I love the old expression that for every door that closes for us in life, a window opens.
Although I have to admit I used to think it was lame, especially when it was rattled by rote out of the mouths of the nuns at my school whenever anything bad happened.
But at that point I also hadn’t experienced enough of life to warrant the need for the faith that someone, or something, bigger than me could sustain my spirit with hope.
As the years have passed, life has presented its share of challenges. Now I hold the phrase close in times when it seems like the world really could come crashing down on my head. I know that it is true.

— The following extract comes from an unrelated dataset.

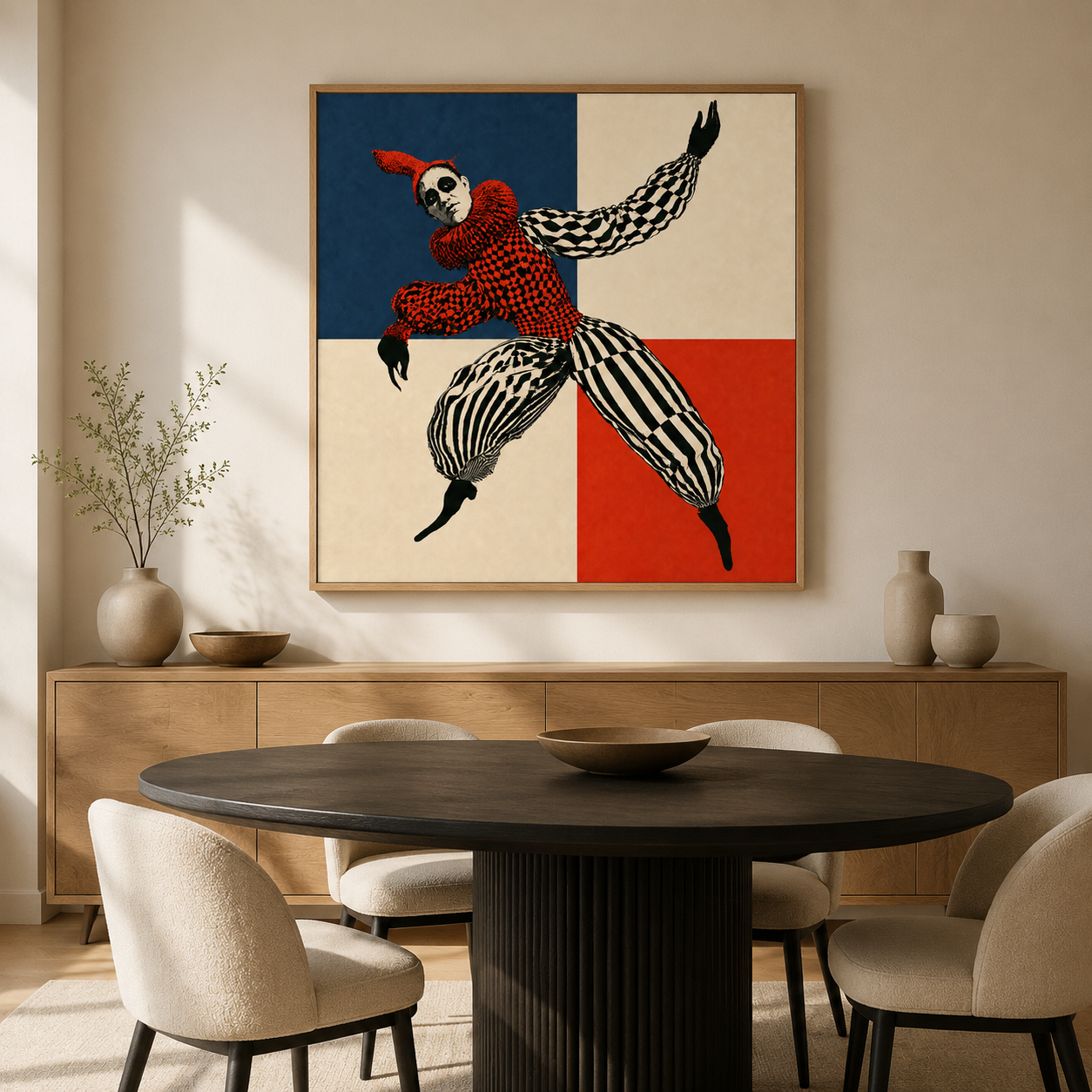 Harlequin wall art displayed above a contemporary dining cabinet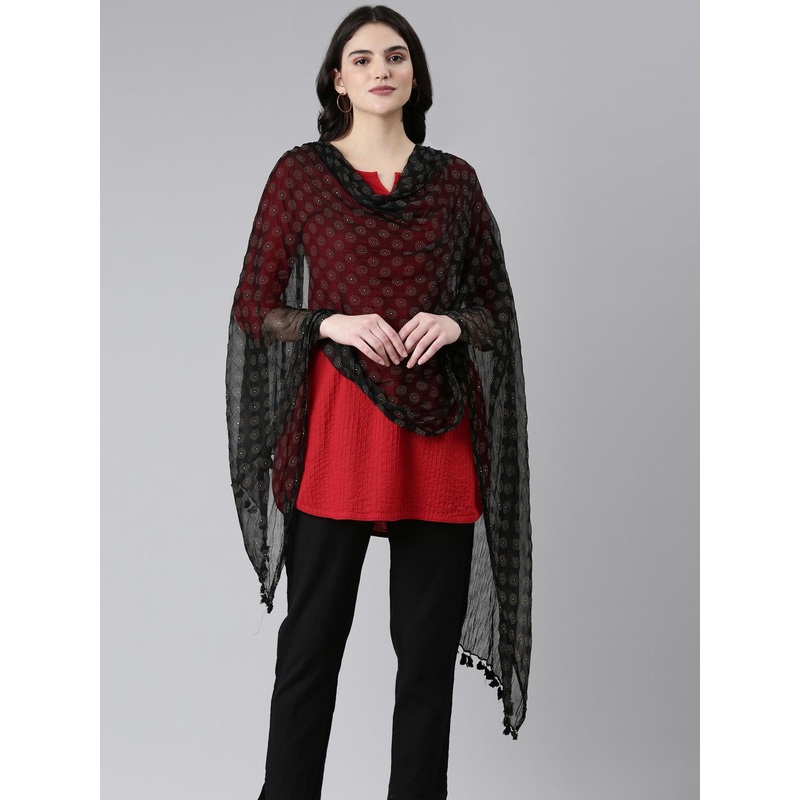 Souchii Ethnic Motifs Printed Foil Print Dupatta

I wrote last week about divides in my family over several generations that resulted in the loss of many loving relationships. The door had slammed closed and there was nothing I could do about it. The post was sparked by the death of my godfather, a good man I hadn’t seen in almost 30 years because of one of those terrible situations. That’s more than half of my lifetime.
And then, to my amazement, a window began to open.
My godfather’s daughter, a cousin I haven’t seen since she was 17 and I was 22, reached out after I left an online condolence. She was a similar victim of the situation, which hadn’t involved her. Yet, like me, she had been indelibly affected by it and suffered the loss of an entire side of the family because of it.
So now we have reconnected and I’m hopeful more reconciliations may follow. But even if they don’t, I’m changed.
Taking steps to close a rift caused by others who are long dead is really like throwing open the windows on the first warm day of spring. Some old hurts may be left behind as the room fills with fresh air. But others, like this one, may reveal even more graces as they see the light of day and begin to heal.